Frane, smottamenti, allagamenti, esondazioni, non si possono attribuire al fato né all’eccezionalità degli eventi atmosferici che sappiamo ormai tendenti alla tropicalizzazione ma soltanto alla naturale conseguenza della nostra insania, della nostra presunzione e disonestà intellettuale che nell’elenco delle priorità antepone il fumo all’arrosto, la cementificazione alla vivibilità, lo sconcio al bello.

Il più antico documento della Pieve di Santa Margherita del Gruagno – che aveva giurisdizione religiosa su oltre quindici “ville” tra cui Martignacco, Ceresetto, Torreano e Plaino – risalente al 18 febbraio 1048 cita, in relazione ad un lascito testamentario, un terreno nelle pertinenze di Ceresetto in località “Riuz” (diminutivo del friulano Riu = rio).

A Venzone, tra gli atti del notaio Giacomo (1318 ÷ 1322) è citata, in relazione alla Pieve di S. Margherita del Gruagno, la località “Mur” (Mure = vetusto termine tedesco utilizzato per identificare ghiaia mossa dallo scorrere di un rivo) ripresa in seguito con “Riuz” e “ Roiuz”.

Nella “Riconfinazione del catastico del 1762” della citata Pieve a pag. 42 n° 6 si legge:

“Pezzo di terra arrativa nuda nelle giadette Pertinenze di Torreano nella Confinazione 1639, Reconfinazione 1677 – chiamato Roiuzzo, nella Riconfinazione 1727 al n° 6 – detto pur Roiuzzo, come pur in ora si denomina Roiuzz, e ‘di presente confina al levar del sole cogli Eredi q. Zuanne q. Angelo Turri, come similmente al Tramontar del Sole coi stessi Turri, a mezzo giorno col Nob. R.mo Monsignor Francesco Canonico Trenti Eredi Milliana, ed a Settentrione  con strada pubblica detta di Roiuzzo, ….”

L’interpretazione delle carte catastali e la memoria di alcuni anziani fanno identificare la strada pubblica detta “Roiuzzo”, che dava pure designazione alle aree ad essa adiacenti sul versante sud situate nelle pertinenze sia di Ceresetto che di Torreano, con l’attuale via Cividina (Strada Provinciale di Ceresetto) che lambendo i nuclei di dette frazioni collega il paese di Martignacco con Plaino.

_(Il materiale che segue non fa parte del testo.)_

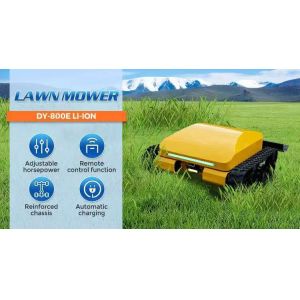 Remote-controlled intelligent crawler lawn mower, with lithium iron phosphate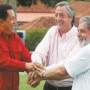 Presidents Chavez, Kirchner and Lula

La via Cividina che prende il nome da Cividale, suo traguardo remoto, in questi luoghi oggi non ricalca fedelmente l’antico percorso che certamente era più tortuoso, diverso perché non era tangente ai borghi che metteva in comunicazione ma li attraversava passando tra antiche case di cui alcuni esemplari del XVI secolo sono ancora presenti nei loro centri storici. Ora essa si snoda tra costruzioni che risalgono al massimo alla fine del XIX secolo e che sorgono arretrate rispetto alla carreggiata rispettando principi urbanistici molto più recenti.

L’antica strada di “Roiuzzo” correva al margine sud delle colline dove rivoli (roiuz) e canali di sgrondo calanti dalla collina dilagavano nel sottostante piano formando un deposito alluvionale di ghiaia che, pressoché privo di pendenze. servì come struttura per il corpo stradale.

La sua localizzazione sopporta la tesi sulla tipologia costruttiva inizialmente espressa ma anche il suo nome, se necessario, ne dà conferma.